Pooled analysis of the safety of botulinum toxin type A in the treatment of poststroke spasticity.

OBJECTIVE: To examine the safety of botulinum toxin type A (BTX-A). DESIGN: Analysis of pooled data of 9 double-blind, placebo-controlled studies of patients with spasticity after stroke. SETTING: University hospitals and specialty rehabilitation centers in the United States. PARTICIPANTS: A total of 482 patients with upper-limb spasticity and 310 with lower-limb spasticity (overall mean age, 58y; 60% men). INTERVENTION: Treatment with BTX-A (n=534; 1-3 treatments; mean dose, 231U) or placebo (n=258). MAIN OUTCOME MEASURE: Adverse events. RESULTS: Most patients (69%) received only 1 treatment with BTX-A. Patients were followed for a mean of 17.8 weeks (range, 0.1-44.7wk) after each treatment. A total of 352 (65.9%) patients in the BTX-A group and 163 (63.2%) in the placebo group reported at least 1 adverse event (P=.475). The most frequent adverse events reported by patients (>5% but <10% in either group) were respiratory infection, seizures, incoordination, and injection site pain, none of which occurred at a significantly higher rate in the BTX-A group (all P>.05). The majority of adverse events were rated as mild or moderate in severity.

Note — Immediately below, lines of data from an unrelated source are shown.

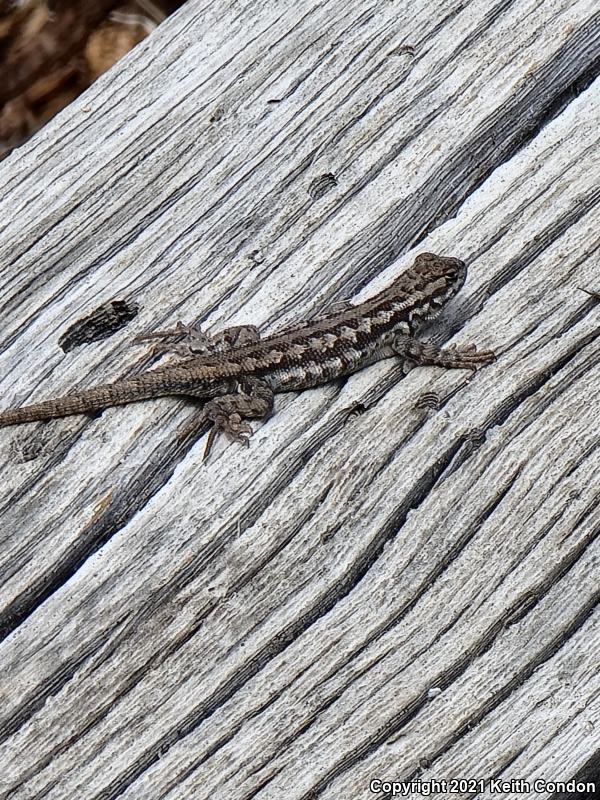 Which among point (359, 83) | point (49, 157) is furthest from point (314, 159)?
point (49, 157)

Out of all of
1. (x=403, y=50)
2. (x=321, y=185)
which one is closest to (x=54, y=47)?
(x=403, y=50)

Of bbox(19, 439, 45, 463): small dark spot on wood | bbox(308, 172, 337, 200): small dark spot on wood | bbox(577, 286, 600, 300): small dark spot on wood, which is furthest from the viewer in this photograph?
bbox(308, 172, 337, 200): small dark spot on wood

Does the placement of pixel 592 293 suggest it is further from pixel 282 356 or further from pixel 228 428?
pixel 228 428

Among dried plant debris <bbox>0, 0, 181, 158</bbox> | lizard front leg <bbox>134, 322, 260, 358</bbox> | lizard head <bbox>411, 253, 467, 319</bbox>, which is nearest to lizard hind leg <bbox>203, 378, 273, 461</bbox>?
lizard front leg <bbox>134, 322, 260, 358</bbox>

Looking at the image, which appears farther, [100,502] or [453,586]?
[100,502]

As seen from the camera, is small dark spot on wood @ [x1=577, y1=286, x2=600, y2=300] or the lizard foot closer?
the lizard foot

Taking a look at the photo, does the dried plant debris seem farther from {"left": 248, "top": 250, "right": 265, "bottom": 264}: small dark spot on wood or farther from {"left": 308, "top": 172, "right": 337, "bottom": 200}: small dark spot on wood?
{"left": 248, "top": 250, "right": 265, "bottom": 264}: small dark spot on wood

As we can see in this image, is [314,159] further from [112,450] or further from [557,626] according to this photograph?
[557,626] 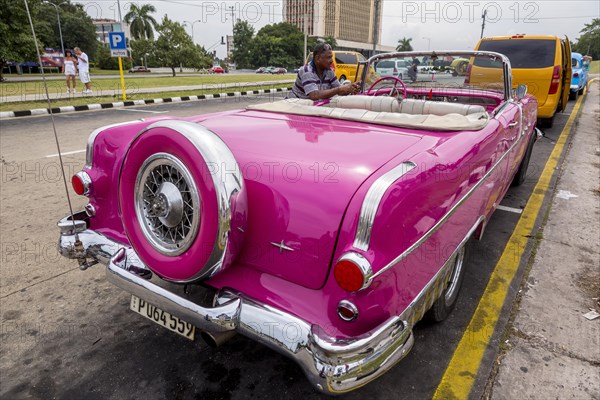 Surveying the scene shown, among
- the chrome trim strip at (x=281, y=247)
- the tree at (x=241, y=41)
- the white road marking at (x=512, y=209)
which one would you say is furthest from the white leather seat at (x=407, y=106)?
the tree at (x=241, y=41)

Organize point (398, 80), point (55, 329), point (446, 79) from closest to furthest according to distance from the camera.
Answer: point (55, 329)
point (398, 80)
point (446, 79)

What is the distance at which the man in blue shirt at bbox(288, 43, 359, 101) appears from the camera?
398 cm

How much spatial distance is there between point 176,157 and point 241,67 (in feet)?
274

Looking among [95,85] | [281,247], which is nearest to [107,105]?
[95,85]

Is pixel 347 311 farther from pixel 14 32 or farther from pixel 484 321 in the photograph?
pixel 14 32

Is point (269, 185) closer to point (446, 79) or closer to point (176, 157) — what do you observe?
point (176, 157)

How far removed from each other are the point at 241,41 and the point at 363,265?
8621 cm

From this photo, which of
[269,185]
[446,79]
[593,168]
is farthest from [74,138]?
[593,168]

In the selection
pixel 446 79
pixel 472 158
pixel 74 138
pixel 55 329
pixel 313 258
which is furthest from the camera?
pixel 74 138

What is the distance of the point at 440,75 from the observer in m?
4.14

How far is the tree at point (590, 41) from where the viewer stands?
74381mm

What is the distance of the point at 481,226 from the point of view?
260 centimetres

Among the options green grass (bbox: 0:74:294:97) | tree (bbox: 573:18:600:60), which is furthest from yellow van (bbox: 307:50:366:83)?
tree (bbox: 573:18:600:60)

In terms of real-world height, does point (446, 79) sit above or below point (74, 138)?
above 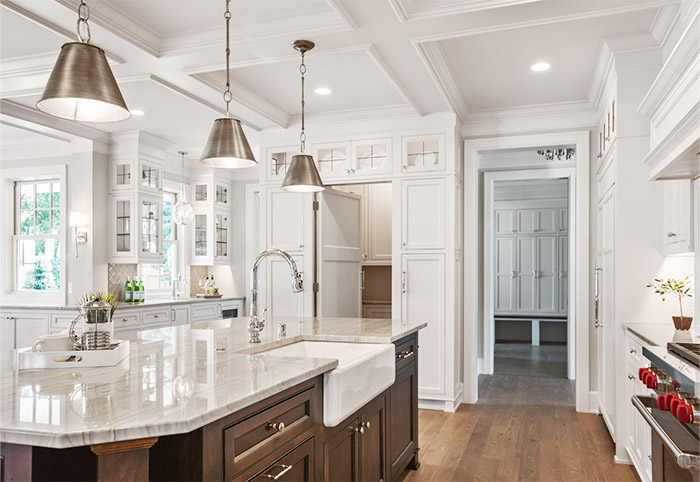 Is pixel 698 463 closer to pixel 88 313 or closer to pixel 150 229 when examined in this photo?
pixel 88 313

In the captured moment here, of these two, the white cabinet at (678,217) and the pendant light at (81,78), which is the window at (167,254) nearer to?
the pendant light at (81,78)

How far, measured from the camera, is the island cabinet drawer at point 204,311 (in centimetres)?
654

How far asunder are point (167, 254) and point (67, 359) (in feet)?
18.0

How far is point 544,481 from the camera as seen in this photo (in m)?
3.35

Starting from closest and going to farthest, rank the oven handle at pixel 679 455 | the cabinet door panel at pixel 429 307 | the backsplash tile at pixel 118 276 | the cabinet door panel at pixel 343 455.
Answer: the oven handle at pixel 679 455 < the cabinet door panel at pixel 343 455 < the cabinet door panel at pixel 429 307 < the backsplash tile at pixel 118 276

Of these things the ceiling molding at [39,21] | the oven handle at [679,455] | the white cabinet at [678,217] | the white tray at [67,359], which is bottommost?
the oven handle at [679,455]

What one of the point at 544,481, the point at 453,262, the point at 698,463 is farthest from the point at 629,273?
the point at 698,463

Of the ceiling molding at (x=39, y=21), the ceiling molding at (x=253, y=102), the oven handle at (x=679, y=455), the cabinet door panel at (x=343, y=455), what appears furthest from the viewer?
the ceiling molding at (x=253, y=102)

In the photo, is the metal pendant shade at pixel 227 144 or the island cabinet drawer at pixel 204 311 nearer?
the metal pendant shade at pixel 227 144

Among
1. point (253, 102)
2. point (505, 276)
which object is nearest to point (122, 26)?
point (253, 102)

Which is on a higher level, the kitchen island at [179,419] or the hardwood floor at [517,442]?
the kitchen island at [179,419]

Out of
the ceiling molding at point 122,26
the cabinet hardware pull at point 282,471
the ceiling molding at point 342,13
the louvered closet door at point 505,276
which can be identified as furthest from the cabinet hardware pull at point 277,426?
the louvered closet door at point 505,276

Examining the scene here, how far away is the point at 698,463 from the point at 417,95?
339 cm

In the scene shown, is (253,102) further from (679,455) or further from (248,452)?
(679,455) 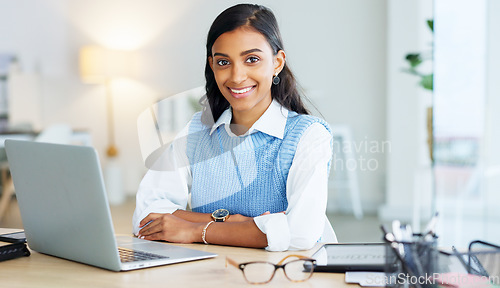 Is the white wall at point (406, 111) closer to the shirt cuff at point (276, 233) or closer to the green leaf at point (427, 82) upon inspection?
the green leaf at point (427, 82)

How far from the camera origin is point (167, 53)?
500 centimetres

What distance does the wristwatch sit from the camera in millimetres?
1369

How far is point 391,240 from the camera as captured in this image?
0.78m

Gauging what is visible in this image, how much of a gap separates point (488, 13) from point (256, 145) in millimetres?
1801

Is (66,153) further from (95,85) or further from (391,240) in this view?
(95,85)

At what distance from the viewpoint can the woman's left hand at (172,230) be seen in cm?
125

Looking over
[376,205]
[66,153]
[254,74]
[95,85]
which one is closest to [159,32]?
[95,85]

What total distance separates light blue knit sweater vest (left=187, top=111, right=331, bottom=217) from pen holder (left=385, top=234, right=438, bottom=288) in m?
0.69

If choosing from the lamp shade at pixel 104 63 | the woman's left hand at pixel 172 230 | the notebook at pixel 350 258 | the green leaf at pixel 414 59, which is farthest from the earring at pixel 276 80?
the lamp shade at pixel 104 63

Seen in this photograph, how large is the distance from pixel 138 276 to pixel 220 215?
0.47 metres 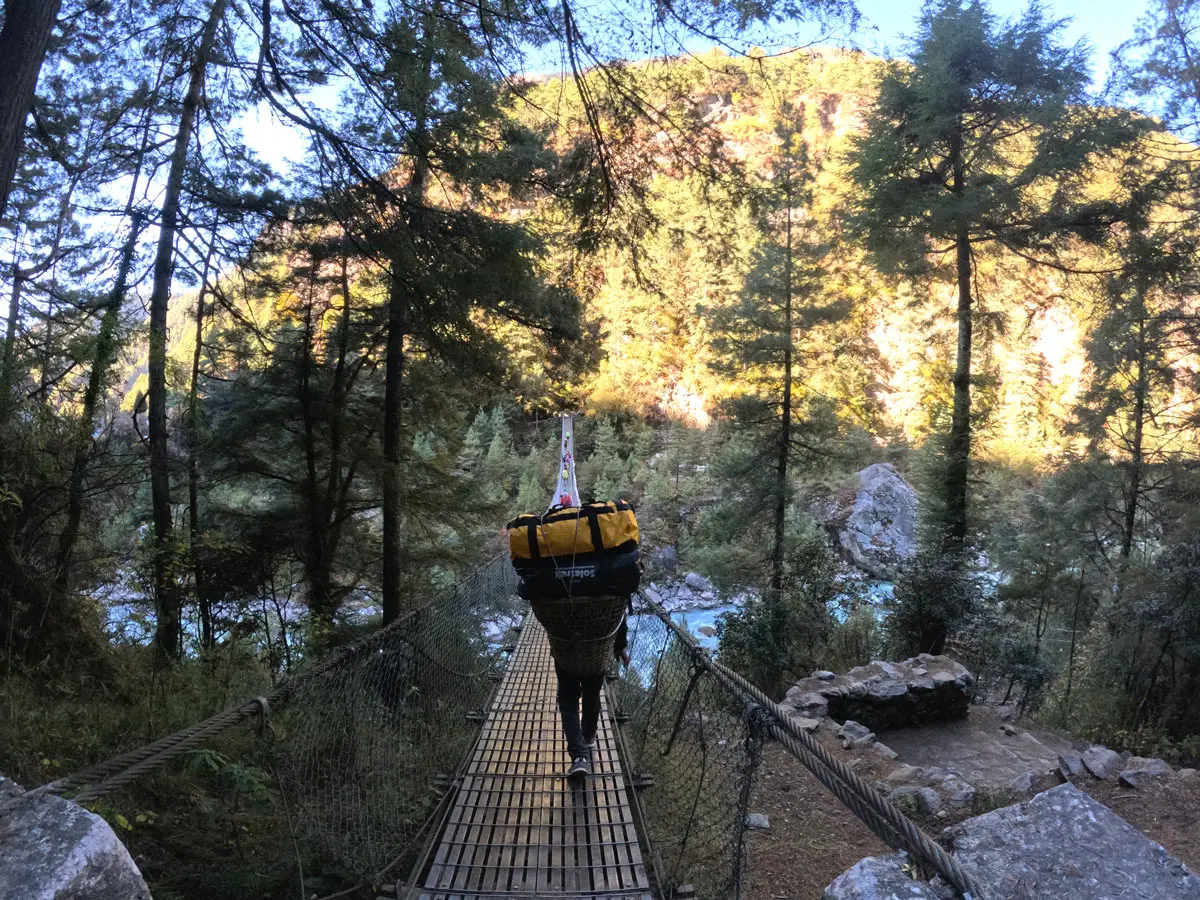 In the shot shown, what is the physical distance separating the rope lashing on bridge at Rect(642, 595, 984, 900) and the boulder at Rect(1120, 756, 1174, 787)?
3045 millimetres

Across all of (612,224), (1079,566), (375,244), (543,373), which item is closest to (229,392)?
(543,373)

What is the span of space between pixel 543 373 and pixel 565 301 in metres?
1.25

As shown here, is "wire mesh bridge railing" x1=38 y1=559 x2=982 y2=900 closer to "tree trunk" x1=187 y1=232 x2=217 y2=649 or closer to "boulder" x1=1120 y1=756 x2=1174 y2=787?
"tree trunk" x1=187 y1=232 x2=217 y2=649

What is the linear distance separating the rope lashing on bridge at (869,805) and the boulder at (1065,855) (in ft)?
1.90

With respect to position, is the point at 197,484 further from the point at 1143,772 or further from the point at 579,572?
the point at 1143,772

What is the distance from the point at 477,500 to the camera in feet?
22.8

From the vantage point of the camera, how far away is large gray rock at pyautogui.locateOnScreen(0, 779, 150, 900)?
100 centimetres

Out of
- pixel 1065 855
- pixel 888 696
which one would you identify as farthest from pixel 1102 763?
pixel 1065 855

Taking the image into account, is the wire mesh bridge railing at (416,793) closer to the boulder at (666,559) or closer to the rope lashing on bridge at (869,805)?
the rope lashing on bridge at (869,805)

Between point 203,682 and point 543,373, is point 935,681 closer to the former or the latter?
point 543,373

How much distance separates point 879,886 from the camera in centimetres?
140

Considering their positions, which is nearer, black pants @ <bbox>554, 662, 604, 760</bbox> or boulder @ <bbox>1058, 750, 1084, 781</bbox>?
black pants @ <bbox>554, 662, 604, 760</bbox>

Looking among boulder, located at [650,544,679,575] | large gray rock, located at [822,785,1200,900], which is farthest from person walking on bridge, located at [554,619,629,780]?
boulder, located at [650,544,679,575]

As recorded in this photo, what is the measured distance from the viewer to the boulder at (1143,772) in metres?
3.44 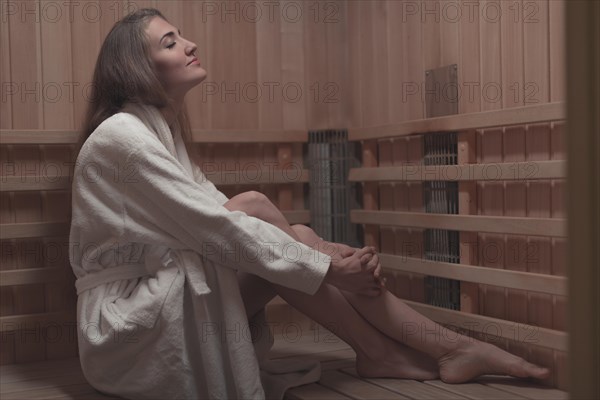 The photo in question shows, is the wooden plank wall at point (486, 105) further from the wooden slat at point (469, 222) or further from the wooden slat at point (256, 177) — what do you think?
the wooden slat at point (256, 177)

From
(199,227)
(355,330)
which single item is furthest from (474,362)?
(199,227)

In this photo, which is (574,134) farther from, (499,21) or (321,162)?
(321,162)

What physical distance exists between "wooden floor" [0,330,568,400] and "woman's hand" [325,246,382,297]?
24 cm

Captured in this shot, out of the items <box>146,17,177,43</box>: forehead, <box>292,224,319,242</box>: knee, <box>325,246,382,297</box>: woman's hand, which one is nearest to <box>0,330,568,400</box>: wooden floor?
<box>325,246,382,297</box>: woman's hand

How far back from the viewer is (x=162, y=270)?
1.74 m

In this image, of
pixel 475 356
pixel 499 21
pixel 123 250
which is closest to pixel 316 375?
pixel 475 356

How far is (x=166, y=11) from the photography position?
2.36 metres

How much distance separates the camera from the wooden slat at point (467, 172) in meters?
1.77

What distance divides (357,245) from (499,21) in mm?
949

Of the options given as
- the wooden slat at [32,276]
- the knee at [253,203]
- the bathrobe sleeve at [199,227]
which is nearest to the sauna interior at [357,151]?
the wooden slat at [32,276]

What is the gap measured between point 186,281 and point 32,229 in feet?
2.23

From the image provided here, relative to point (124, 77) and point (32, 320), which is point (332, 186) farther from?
point (32, 320)

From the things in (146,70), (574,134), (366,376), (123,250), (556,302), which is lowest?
(366,376)

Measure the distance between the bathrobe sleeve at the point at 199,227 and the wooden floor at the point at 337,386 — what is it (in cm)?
28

Only nausea was reported at a significantly higher rate in the BTX-A group (12/534 [2.2%]) than the placebo group (0/258) (P=.011); in contrast, injection site pain, chest pain, and allergic reaction were reported significantly more frequently in the placebo group. CONCLUSIONS: BTX-A has an acceptable safety profile for treatment of patients with focal spasticity following stroke, a population in which adverse events and comorbidities are common.